START THE DATA

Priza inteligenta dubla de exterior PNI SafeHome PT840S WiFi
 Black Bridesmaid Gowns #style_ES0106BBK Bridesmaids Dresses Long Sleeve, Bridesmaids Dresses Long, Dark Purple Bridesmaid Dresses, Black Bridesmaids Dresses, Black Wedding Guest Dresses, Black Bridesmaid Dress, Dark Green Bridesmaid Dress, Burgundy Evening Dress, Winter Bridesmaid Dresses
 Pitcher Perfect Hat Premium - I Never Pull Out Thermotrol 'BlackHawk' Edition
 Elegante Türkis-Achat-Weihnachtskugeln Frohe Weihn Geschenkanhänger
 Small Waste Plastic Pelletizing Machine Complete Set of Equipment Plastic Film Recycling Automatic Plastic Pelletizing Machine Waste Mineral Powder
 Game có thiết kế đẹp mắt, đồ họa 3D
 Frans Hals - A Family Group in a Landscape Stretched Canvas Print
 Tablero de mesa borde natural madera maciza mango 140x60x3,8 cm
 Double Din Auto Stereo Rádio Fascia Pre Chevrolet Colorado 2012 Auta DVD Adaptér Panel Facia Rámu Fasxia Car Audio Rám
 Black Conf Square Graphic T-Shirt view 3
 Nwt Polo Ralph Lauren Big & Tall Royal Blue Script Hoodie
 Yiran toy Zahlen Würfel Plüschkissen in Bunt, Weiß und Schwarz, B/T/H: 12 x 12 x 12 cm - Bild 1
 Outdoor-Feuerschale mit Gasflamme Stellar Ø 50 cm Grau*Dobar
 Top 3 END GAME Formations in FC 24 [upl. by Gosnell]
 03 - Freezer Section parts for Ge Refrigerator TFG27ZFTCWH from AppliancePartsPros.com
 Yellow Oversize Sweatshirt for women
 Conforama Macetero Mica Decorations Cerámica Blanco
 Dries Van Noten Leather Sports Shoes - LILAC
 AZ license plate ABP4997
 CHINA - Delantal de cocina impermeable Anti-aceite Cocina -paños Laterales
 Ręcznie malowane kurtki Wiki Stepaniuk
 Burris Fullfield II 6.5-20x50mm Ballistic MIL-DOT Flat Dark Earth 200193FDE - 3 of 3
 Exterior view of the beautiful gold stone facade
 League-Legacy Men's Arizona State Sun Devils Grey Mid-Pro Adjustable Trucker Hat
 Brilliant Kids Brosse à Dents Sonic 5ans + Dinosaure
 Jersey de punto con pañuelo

END THE DATA

**THE TASK**
Examine the records and pull out every line where the string "Dark" occurs.

**EXERCISE RESPONSE**
 Black Bridesmaid Gowns #style_ES0106BBK Bridesmaids Dresses Long Sleeve, Bridesmaids Dresses Long, Dark Purple Bridesmaid Dresses, Black Bridesmaids Dresses, Black Wedding Guest Dresses, Black Bridesmaid Dress, Dark Green Bridesmaid Dress, Burgundy Evening Dress, Winter Bridesmaid Dresses
 Burris Fullfield II 6.5-20x50mm Ballistic MIL-DOT Flat Dark Earth 200193FDE - 3 of 3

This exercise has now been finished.